There have since been conflicting reports in Western media outlets that Zelensky may have promised to fire Zaluzhny but couldn’t find a suitable replacement or his potential replacements refused to take the post. Some reports say that Zelensky still plans to fire Zaluzhny, while others imply Western leaders ordered him not to.
Mark Sleboda, an international relations and security analyst told Sputnik’s Fault Lines on Thursday that the kerfuffle shows that “if [US President] Joe Biden is the ‘emperor with no clothes’, then that kind of makes Zelensky the ‘butt-naked king.’
“The president has failed to fire his own commander-in-chief. That means there is no center of power within the regime at the moment, or perhaps Zaluzhny has more power than Zelensky.

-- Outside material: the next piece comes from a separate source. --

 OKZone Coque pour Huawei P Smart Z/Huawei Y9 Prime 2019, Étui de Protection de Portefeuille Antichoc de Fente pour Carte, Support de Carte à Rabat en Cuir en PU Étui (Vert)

Or, the West is just running the show and Zelensky [has] been revealed as nothing but a puppet middle manager with no agency or control in his own country.”
Sleboda suggested that “either [Zelensky has] to correct the situation and get rid of Zaluzhny, or the center of power in the country [will continue] spiraling out of control.”
The actions taken by people ostensibly serving under Zelensky showcased the tenuousness of his power. “That the entire military apparatus, the generals, even those viewed as close to Zelensky, have shown defiance. I mean, you can't really count this as anything but defiance, a refusal to follow the wishes of the president, certainly in the way that most countries regard the relationship between the executive and the military branches of the country,” Sleboda explained.
“So Zelensky faced a challenge to his presidential authority, one from the West, which is dictating what happens from above, and two, from his own military establishment united against him. … they all said ‘no’ to him,” Sleboda described.
The situation reminded Sleboda of Zelensky’s argument with a soldier in the Azov battalion* in 2019, implying that Zelensky has always had a shaky grasp on his own military.
“Right after he became president. 'I'm not some loser off the street,' he said. And [the] Azov commander is like, 'Yeah, okay, whatever, dude.' And it was after that that he gave up on any attempts to complete the Minsk protocols, which initially he made some gestures, some small gestures towards [that]. That's what he was there to do to get Azov to stop firing artillery shells into Donetsk and they refused.”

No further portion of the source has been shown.